Singapore has around 180,000 local SMEs (Small Medium Enterprises) which make up 99% of the enterprises in Singapore and contribute to nearly half of the GDP while employing 70% of the workforce, according to SPRING Singapore.
For them, operating in today’s slowing economic backdrop is definitely quite a struggle. Companies are freezing headcount and slowing down recruitment while business costs are rising.
To mediate this problem, Minister for Manpower Lim Swee Say reiterated his call to move to a 1+2=3 economy – 1% workforce growth, 2% productivity growth to give 3% GDP growth.
This means that more than just hiring more manpower, businesses should focus more on productivity in order to grow.
And to give SMEs a headstart to become more manpower-lean and productive, the Manpower Ministry launched the Lean Enterprise Development.

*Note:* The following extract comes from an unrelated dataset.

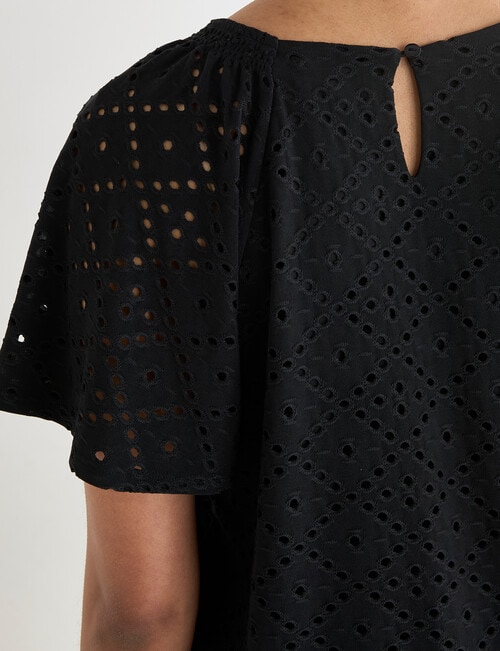 Whistle Flutter Sleeve Knit Top, Black product photo View 08 L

At a recent learning journey for SMEs in the cleaning sector, Manpower Minister Lim Swee Say had this to say:
“Becoming manpower-lean is no longer an option. For companies that are prepared to do so and take the first step, the Government will help you to adopt the new mindset and provide the necessary support to facilitate your lean manpower-lean journey.”
But this is only on the business front. How then, can workers in SMEs who account for 70% of the country’s workforce benefit from all these initiatives?

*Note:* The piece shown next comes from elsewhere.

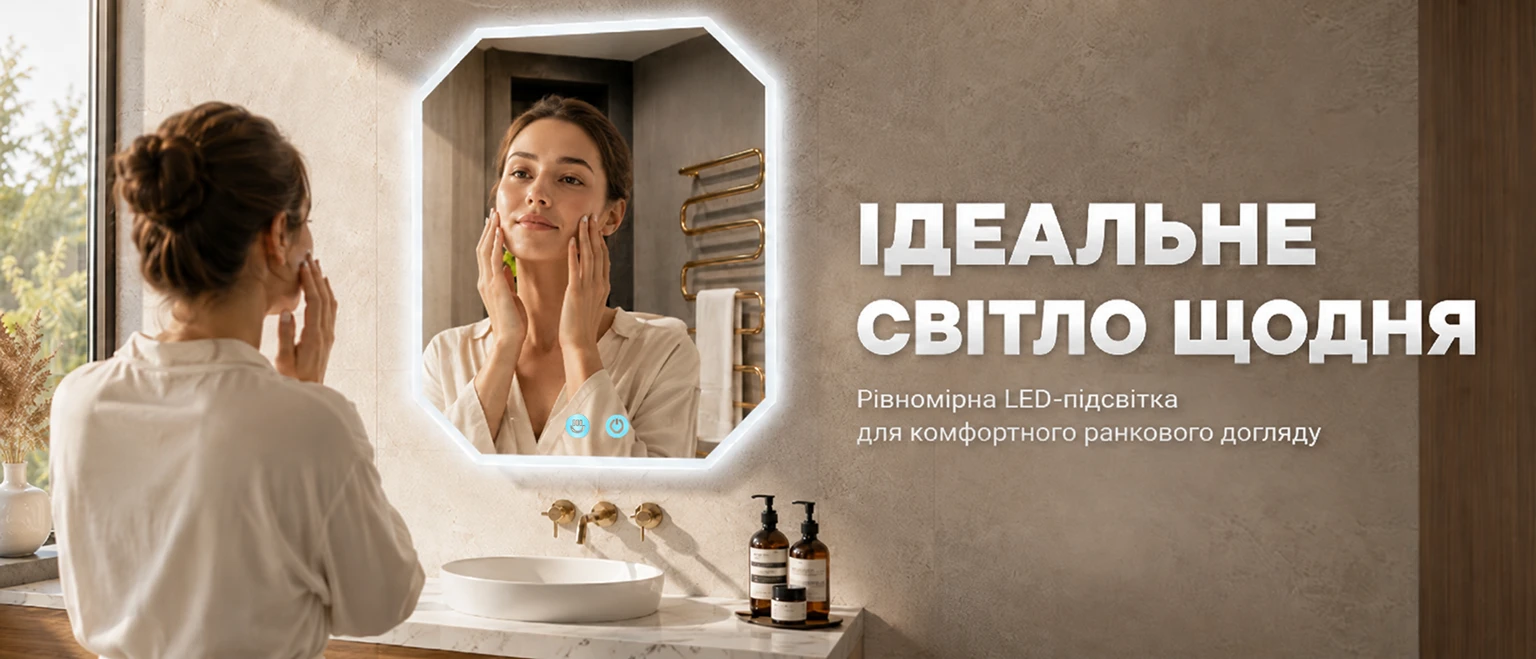 Большое настенное зеркало BRS с LED-подсветкой в современной ванной комнате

Will it come to a point that the government initiatives benefit companies and businesses, and the workers are left bereft of better welfare and working conditions?
At present, workers within the SMEs are not unionised under the NTUC’s 61 unions and associations. But to tackle that, the NTUC set up the U SME initiative, which has seen 42 Memoranda of Understanding (MOUs) signed to cover 70,640 workers across 3,099 companies.

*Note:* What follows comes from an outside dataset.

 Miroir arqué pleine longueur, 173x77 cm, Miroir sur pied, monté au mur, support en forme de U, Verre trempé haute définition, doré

In a blogpost written in February, labour chief Chan Chun Sing noted that the pool of workers in SMEs which account for 70% of Singapore’s workforce must be included in NTUC’s outreach “if the Labour Movement is to take care of ALL our workers…”
He reiterated this in another blogpost published today. He said that the Labour Movement will develop new models of outreach to work with SMEs through their associations to help SME bosses run their operations better to benefit their workers, amongst other models.
But beyond working with SME bosses to innovate and be more productive so that those gains can be shared with workers, perhaps what SME workers like other workers need, is the opportunity for training and development to rise up the ladder or switch careers.
Chan in his blogpost said:
“The new generation is no longer contented to work only in one job or just for pay…Add to that changing business models and more frequent and intense business cycles, “job hopping” amongst the newer generation can be expected. But that also means that greater need for constant upgrading is now the new norm.”
Hence, the need for training of workers to be future-ready and job-ready.
It may look unusual for a Labour Movement, after all, which other labour movement in the world, looks at taking care of workers other than those in its ambit? Which other labour movement collaborates with the government and employers to boost productivity for businesses and encourages workers to upskill and re-skill?